The pictures get left out, but everything else in the listing below must be duplicated exactly.

» Data:
==*==

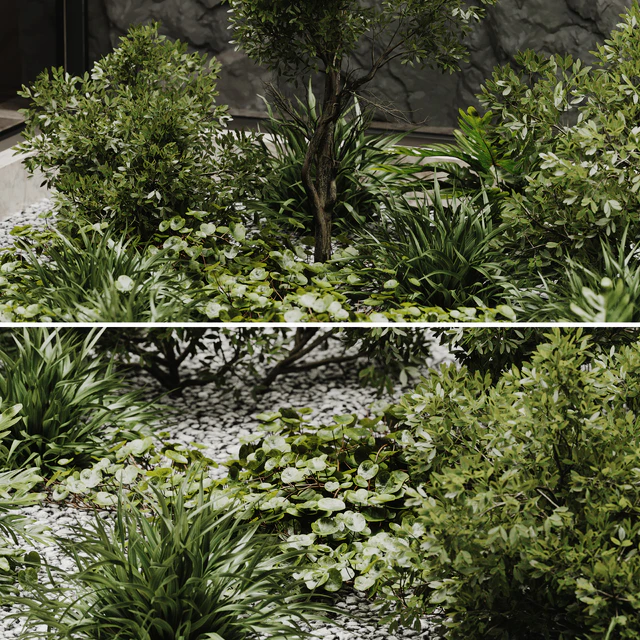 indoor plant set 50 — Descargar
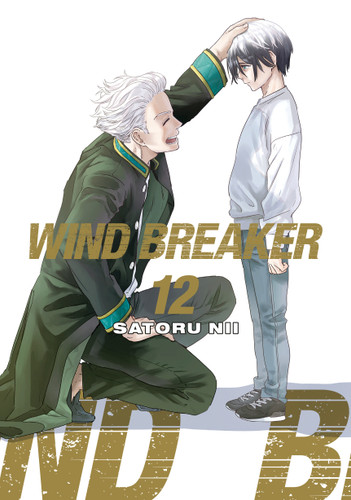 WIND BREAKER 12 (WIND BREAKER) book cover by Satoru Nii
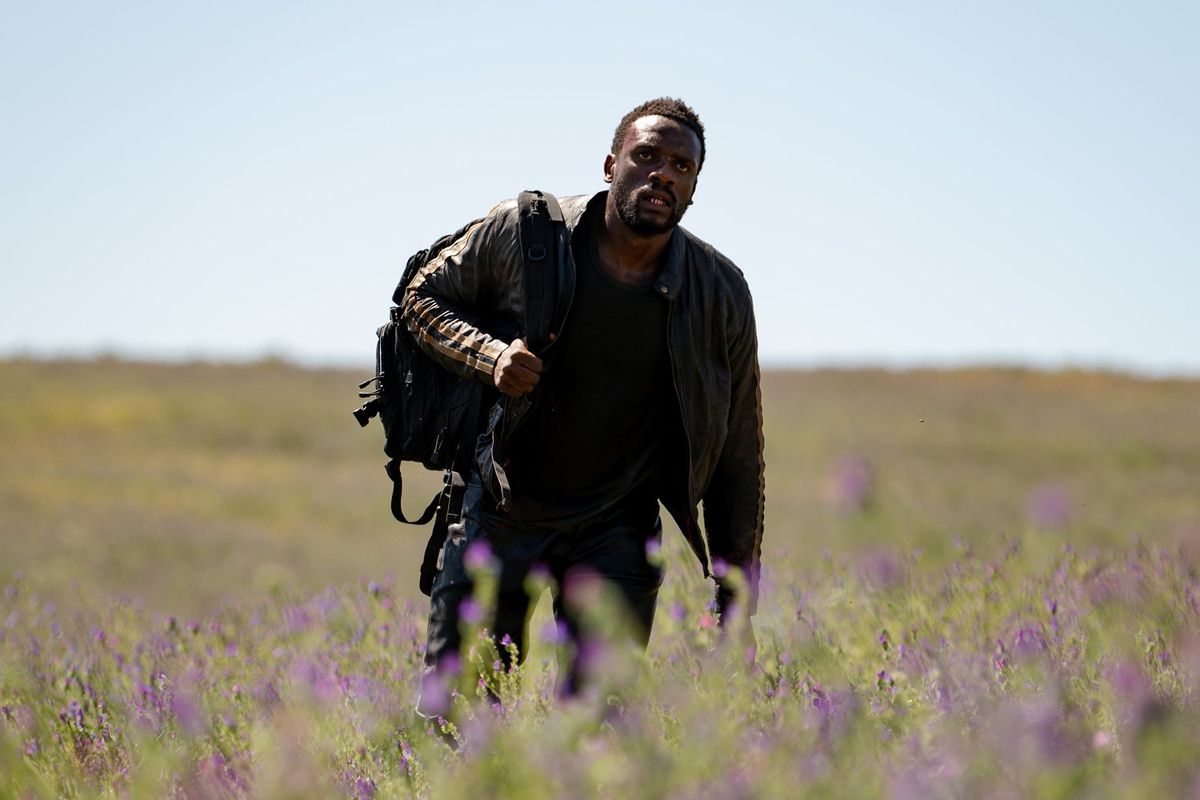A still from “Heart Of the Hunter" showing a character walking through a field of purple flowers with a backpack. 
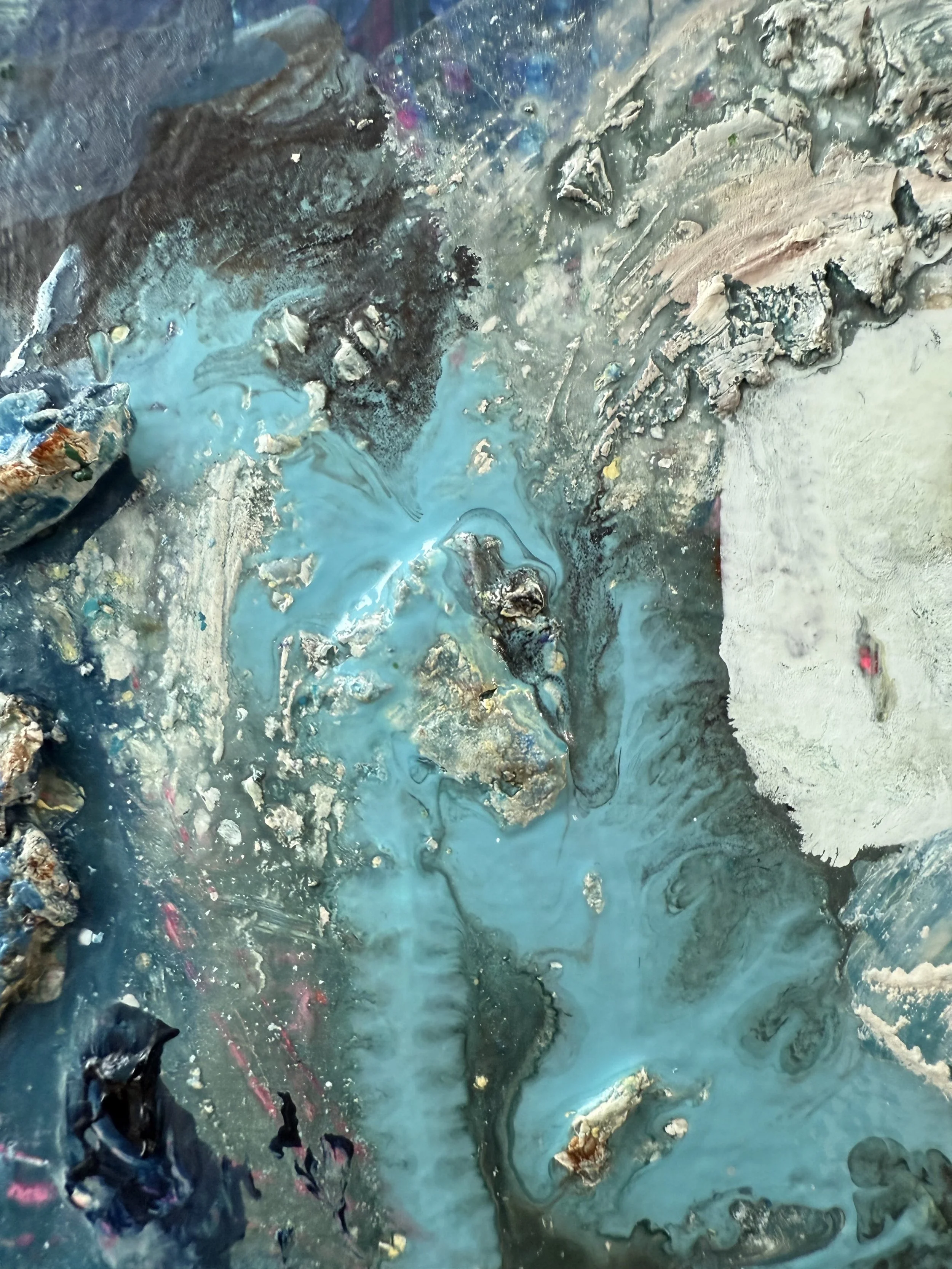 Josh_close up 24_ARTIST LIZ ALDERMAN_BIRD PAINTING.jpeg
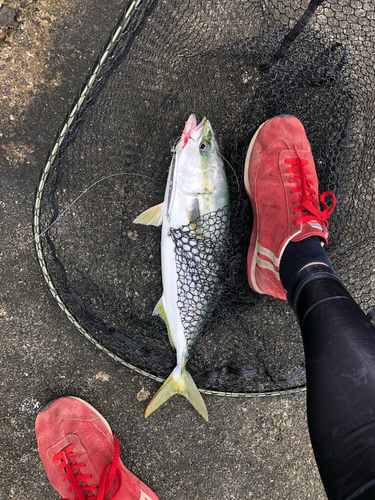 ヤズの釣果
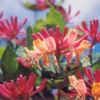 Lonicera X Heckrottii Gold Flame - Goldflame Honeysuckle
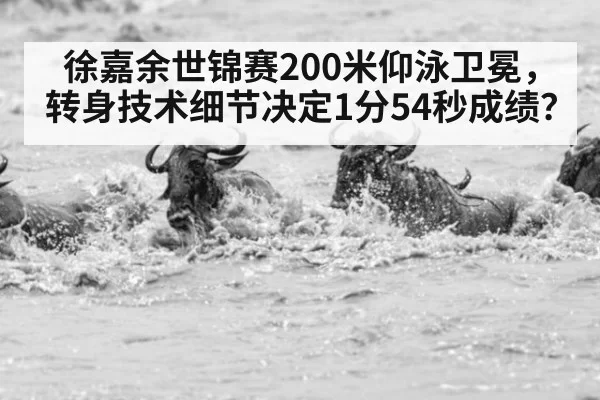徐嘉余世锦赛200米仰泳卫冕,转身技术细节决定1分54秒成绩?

==*==

» Response below:
 indoor plant set 50 — Descargar
 WIND BREAKER 12 (WIND BREAKER) book cover by Satoru Nii
A still from “Heart Of the Hunter" showing a character walking through a field of purple flowers with a backpack. 
 Josh_close up 24_ARTIST LIZ ALDERMAN_BIRD PAINTING.jpeg
 ヤズの釣果
 Lonicera X Heckrottii Gold Flame - Goldflame Honeysuckle
徐嘉余世锦赛200米仰泳卫冕,转身技术细节决定1分54秒成绩?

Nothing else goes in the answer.